# Call from +217 ???



## Lamplighter (Jul 20, 2010)

Hi

I've received a call this morning on my Etisalat mobile from number +217

I answered, and the caller (female voice, not recognisable to me) said "Hi, Mark?" - correctly identifying my name.

When I replied "yes, speaking", the caller hung up.

There has been no further call, and I cannot find anything relevant about +217 on google.

A bit concerned that they identified my name - any ideas???

Cheers


----------



## jessil (Jun 21, 2009)

Next step you will get an email ... saying my dad is ex minister of some country he was killed .. blah.. blah.. blah... i have soo much money..please help me to transfer the same to your account... 

same thing happened with me also...


----------



## LongLiveDubai (Dec 1, 2011)

I also got a call from +252 number which i did not answer. Since i have also received such calls before but no one ever talks whenever i picked up. Is there a number where these calls can reported to?


----------



## LongLiveDubai (Dec 1, 2011)

I also got a call from a +252 number this morning.
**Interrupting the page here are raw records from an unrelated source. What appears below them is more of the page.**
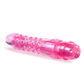 Blush Novelties Naturally Yours Bump n Grind Pink Vibrator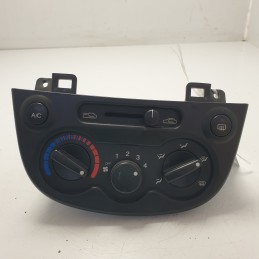 96403618 pannello comandi clima A/C  Chevrolet Matiz MK2 M200 800cc 38 KW 2005-10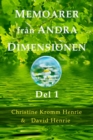 Memoarer Fran Andra Dimensionen, Del 1 - Book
Can we not report these any where?


----------



## BedouGirl (Sep 15, 2011)

Both are African numbers (different countries). You could try reporting them to Etisalat, but not sure what they will do about them. I just don't answer numbers I don't know....


----------



## Confiture (Jan 9, 2011)

+252 is Somalia

Maybe it was a pirate radio station?


----------



## Jynxgirl (Nov 27, 2009)

Answer and dont say anything... put the phone down. I try to make them spend as much money as possible on those calls trying to scam people. Serves them right!


----------



## Jumeirah Jim (Jan 24, 2011)

+217 sounds like a south african number

Oh no that's not right as SA is +27

Somewhere in africa though. Maybe you've won the lottery in nigeria?


----------



## BedouGirl (Sep 15, 2011)

All 2s are African.


----------



## Lamplighter (Jul 20, 2010)

Thanks for all responses. I've heard nothing further, so hopefully a non-event.

The number, by the way, was "+217" only, not this as the start of longer number, as an international dialling prefix (country code) would be. That's why I'm not convinced it's an (African) international call. What do these short codes mean?

Cheers,Lamp


----------



## pamela0810 (Apr 5, 2010)

I got those a couple of times but never answered. It did seem odd that only a 3 digit number would be calling.
We once received a call at 1am a few years ago and some lady was screaming verses at the other end and then told us we're going to die and go to hell!


----------